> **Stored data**
----

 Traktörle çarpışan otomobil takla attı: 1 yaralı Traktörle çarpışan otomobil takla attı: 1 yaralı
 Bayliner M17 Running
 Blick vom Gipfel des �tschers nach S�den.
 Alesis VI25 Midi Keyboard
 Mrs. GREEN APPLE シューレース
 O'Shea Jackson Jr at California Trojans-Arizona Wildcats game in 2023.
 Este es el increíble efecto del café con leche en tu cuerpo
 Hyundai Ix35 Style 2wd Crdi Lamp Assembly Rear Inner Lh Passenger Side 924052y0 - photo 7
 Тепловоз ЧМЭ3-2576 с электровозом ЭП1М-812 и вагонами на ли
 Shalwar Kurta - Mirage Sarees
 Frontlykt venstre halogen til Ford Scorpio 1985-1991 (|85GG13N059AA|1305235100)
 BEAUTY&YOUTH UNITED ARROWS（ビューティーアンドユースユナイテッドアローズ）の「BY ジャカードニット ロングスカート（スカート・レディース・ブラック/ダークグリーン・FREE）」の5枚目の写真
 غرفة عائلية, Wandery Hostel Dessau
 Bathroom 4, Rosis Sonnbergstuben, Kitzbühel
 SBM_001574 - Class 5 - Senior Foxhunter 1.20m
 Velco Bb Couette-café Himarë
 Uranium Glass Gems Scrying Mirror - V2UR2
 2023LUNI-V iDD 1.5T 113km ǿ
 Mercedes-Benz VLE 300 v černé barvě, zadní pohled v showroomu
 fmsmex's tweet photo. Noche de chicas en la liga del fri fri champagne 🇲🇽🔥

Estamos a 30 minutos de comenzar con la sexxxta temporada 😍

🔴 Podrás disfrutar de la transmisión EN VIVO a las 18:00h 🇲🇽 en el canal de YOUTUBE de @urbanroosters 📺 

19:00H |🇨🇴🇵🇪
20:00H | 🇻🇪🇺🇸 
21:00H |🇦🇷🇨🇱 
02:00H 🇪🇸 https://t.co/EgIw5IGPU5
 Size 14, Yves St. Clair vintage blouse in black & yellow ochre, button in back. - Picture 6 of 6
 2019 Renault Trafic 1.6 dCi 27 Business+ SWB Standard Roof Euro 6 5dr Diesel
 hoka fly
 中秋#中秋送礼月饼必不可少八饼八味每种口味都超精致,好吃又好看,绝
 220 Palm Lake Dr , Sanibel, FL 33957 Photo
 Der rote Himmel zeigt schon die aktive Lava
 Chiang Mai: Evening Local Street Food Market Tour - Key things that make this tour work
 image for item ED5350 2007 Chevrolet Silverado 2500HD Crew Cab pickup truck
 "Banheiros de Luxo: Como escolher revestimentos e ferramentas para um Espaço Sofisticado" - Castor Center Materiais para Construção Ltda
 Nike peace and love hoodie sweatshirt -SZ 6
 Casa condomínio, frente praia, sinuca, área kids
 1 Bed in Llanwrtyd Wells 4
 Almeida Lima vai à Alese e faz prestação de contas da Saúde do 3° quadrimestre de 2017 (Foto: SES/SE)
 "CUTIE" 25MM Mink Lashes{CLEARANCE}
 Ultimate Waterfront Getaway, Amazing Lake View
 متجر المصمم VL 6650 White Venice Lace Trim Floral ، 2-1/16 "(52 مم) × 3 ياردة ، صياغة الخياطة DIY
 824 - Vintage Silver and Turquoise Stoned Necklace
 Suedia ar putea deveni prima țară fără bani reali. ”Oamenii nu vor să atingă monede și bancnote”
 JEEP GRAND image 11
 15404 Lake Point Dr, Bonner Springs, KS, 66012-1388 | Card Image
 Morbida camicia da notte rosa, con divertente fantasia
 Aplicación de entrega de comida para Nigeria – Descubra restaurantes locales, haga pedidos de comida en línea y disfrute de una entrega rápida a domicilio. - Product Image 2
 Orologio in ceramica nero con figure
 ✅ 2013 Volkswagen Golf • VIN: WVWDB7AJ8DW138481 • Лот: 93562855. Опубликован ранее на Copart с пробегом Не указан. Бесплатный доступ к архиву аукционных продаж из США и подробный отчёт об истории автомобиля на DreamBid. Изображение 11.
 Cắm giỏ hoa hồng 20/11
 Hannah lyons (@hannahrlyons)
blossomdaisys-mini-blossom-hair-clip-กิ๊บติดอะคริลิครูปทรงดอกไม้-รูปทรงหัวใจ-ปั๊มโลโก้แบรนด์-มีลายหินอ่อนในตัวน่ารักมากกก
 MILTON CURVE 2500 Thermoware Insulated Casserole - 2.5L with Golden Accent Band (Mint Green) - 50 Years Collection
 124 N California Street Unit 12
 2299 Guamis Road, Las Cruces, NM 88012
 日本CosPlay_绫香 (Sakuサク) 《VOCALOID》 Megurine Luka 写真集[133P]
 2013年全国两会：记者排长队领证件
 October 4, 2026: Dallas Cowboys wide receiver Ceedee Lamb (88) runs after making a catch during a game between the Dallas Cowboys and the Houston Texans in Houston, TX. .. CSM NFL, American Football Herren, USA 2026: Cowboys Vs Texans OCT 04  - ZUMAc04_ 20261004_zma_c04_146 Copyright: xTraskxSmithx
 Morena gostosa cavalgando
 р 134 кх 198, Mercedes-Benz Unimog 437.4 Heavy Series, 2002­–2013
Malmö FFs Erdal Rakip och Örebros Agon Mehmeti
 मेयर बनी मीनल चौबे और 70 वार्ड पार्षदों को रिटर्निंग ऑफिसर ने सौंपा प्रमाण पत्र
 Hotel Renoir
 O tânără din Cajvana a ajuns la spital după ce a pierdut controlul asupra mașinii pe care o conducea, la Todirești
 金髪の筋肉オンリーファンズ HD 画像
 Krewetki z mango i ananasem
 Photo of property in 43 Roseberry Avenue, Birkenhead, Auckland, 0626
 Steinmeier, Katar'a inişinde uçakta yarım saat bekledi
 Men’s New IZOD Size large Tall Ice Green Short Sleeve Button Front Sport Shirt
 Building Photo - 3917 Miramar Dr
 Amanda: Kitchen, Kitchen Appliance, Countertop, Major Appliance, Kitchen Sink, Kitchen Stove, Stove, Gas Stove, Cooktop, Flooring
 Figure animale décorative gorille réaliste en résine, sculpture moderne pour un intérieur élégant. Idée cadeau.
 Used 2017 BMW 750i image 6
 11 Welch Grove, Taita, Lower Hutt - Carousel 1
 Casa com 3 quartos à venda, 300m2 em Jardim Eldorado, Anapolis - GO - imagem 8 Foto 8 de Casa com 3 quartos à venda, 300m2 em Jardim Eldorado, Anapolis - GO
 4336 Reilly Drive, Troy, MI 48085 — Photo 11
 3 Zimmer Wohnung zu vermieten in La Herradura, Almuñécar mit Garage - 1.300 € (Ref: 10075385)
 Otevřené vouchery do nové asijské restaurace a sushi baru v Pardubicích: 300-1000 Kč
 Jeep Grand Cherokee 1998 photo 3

----

> **Task statement**
Note each line of the entries that has "Benz" in it, and copy those lines.

> **Solution to this task**
 Mercedes-Benz VLE 300 v černé barvě, zadní pohled v showroomu
 р 134 кх 198, Mercedes-Benz Unimog 437.4 Heavy Series, 2002­–2013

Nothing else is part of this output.